Ein Faible für ungewöhnliche Menschen und Situationen
Sie sagt: „Situationen, wo Menschen oder eine Gesellschaft an ihre Grenzen kommen, interessieren mich am meisten.“ So sind Tod, Verbrechen oder Krieg wiederkehrende Motive ihrer Reportagen. Texte über einen einsamen Mann, der allein stirbt und monatelang nicht gefunden wird, über sogenannte Schattenkinder (= Geschwister todkranker Kinder), eine Podcast-Serie für Deutschlandradio über den Mord am Asyl-Bewerber Khaled Idris Bahray, und eben die Reportage über den Mord an Carolin G. sind typische Beispiele für Jenni Roths Arbeit. Hervorzuheben ist auch „Alyom.de“, ein Podcast-Projekt junger Axel-Springer-Akademie-Absolventen, das sie zusammen mit Tina Hüttl als Ausbilderin geleitet hat und das dieses Jahr den Axel-Springer-Preis für Kreative Umsetzung gewonnen hat. Es geht dabei um die Folgen des Giftgasanschlags auf Chan Scheichun in Syrien.

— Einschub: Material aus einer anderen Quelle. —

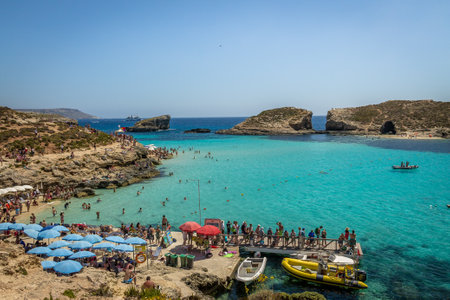 People at the Blue Lagoon in Comino Island - Gozo, Maltaのeditorial素材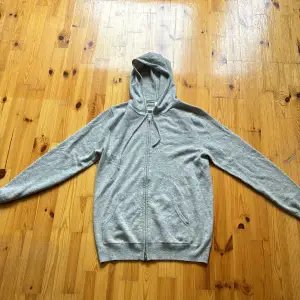 Grå kashmir zip hoodie i bra skicka, använd fåtal gånger. Nypris 2500kr.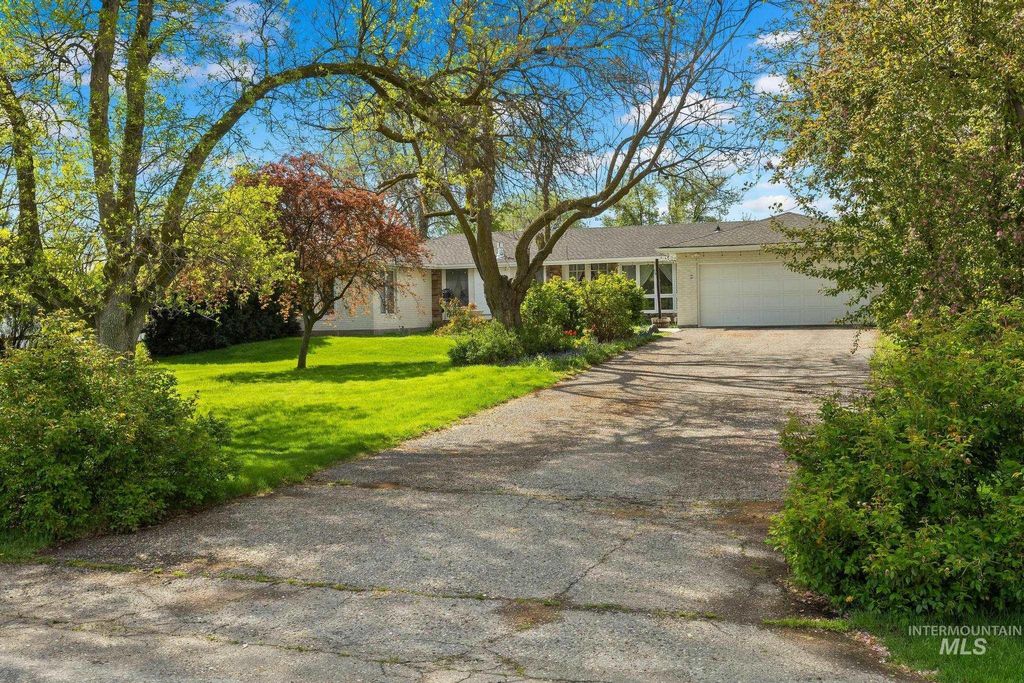 Photo of 9325 W Wright St, Boise, ID 83709 (MLS # 98982639)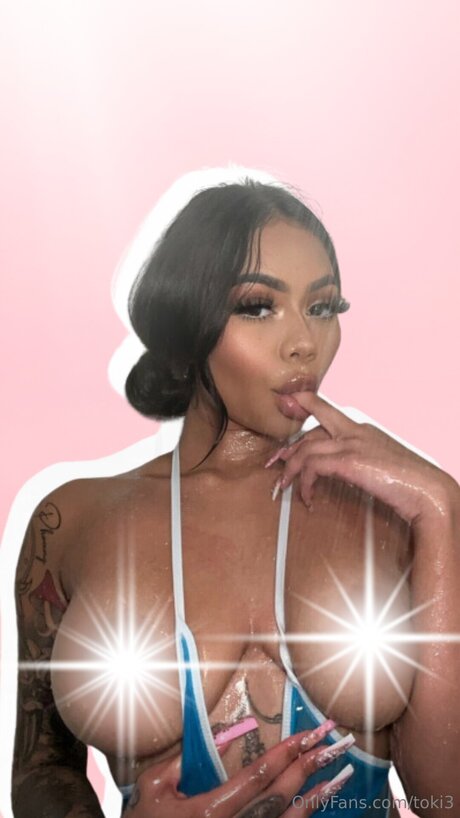 Toki3 sexe star du porno des photos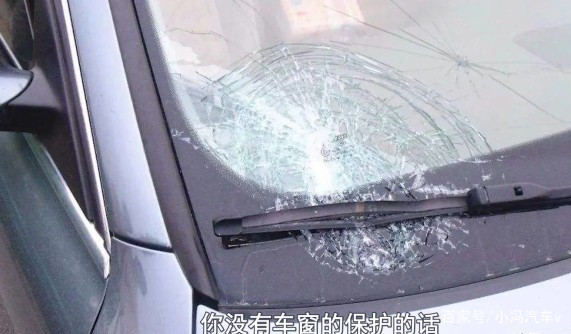 车在高速没有油怎么办_车在高速上没油了会违章吗_车没油在高速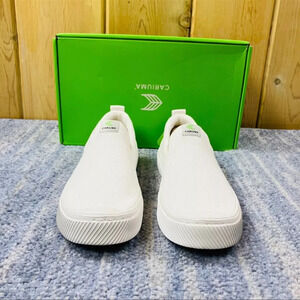 Cariuma knit slip on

Sybille Plogstedt und Helga Kirchner, vertieft in die Jury-Arbeit / Foto: Eva Hehemann |
Die Mutter aus Finnland als Vorbild
Es gibt ein Portrait der Philosophin Agnes Heller, das Jenni Roth für die NZZ geschrieben hat. Darin offenbart sich ein Bewusstsein für die Probleme der weiblichen Emanzipation. Ist sie Feministin? „Ich würde mich nicht als Feministin bezeichnen, aber vielleicht läuft da vieles bei mir unbewusst. Das liegt wohl an meiner Sozialisation in der Familie. Meine Mutter ist Finnin und folgte meinem Vater in den 70er Jahren in seine schwäbische Heimat; sie hatten sich im Urlaub kennengelernt. Plötzlich waren alle Frauen um sie herum Hausfrauen, so ein Konzept kannte sie gar nicht. In Finnland arbeiteten alle Frauen, egal ob sie Kinder hatten oder nicht. Finanzielle Unabhängigkeit und Eigenständigkeit waren für Frauen dort selbstverständlich. Es war schwer für meine Mutter in Deutschland anzukommen, das ist auch heute noch bei uns immer wieder Thema. Sie wurde schwanger, ging früh nach meiner Geburt wieder arbeiten. Nicht nur hinter ihrem Rücken wurde sie überall als Rabenmutter bezeichnet. Dadurch bin ich sicherlich geprägt, ich habe das verinnerlicht und so taucht es in den Geschichten, bei der Themenwahl eben durchaus auch mal auf.“
Jenni Roth faszinieren Frauen, denen es gelingt, sich in einem männlich geprägten Umfeld zu behaupten, wie eben Agnes Heller oder Hannah Arendt. „Woher nimmt zum Beispiel eine Frau wie Jeanne Baret – im 18. Jahrhundert, ohne irgendein Vorbild – die Idee, sich als Mann zu verkleiden und die Welt auf einem Forschungsschiff zu umsegeln? Warum tut eine Frau so etwas? Woher nimmt sie die Kraft, sich damit durchzusetzen und so die gesellschaftlichen Grenzen für sich zu verschieben? Das ist doch auch so eine Extremsituation, die mich so interessieren.“
Am 30. Juni 2018 wird Jenni Roth der Courage-Preis für aktuelle Berichterstattung des Journalistinnenbund bei einer Abend-Gala in Berlin verliehen. Der Preis ist dank einer Zuwendung der Maecenia-Stiftung mit 1.200 € dotiert. Herzlichen Glückwunsch!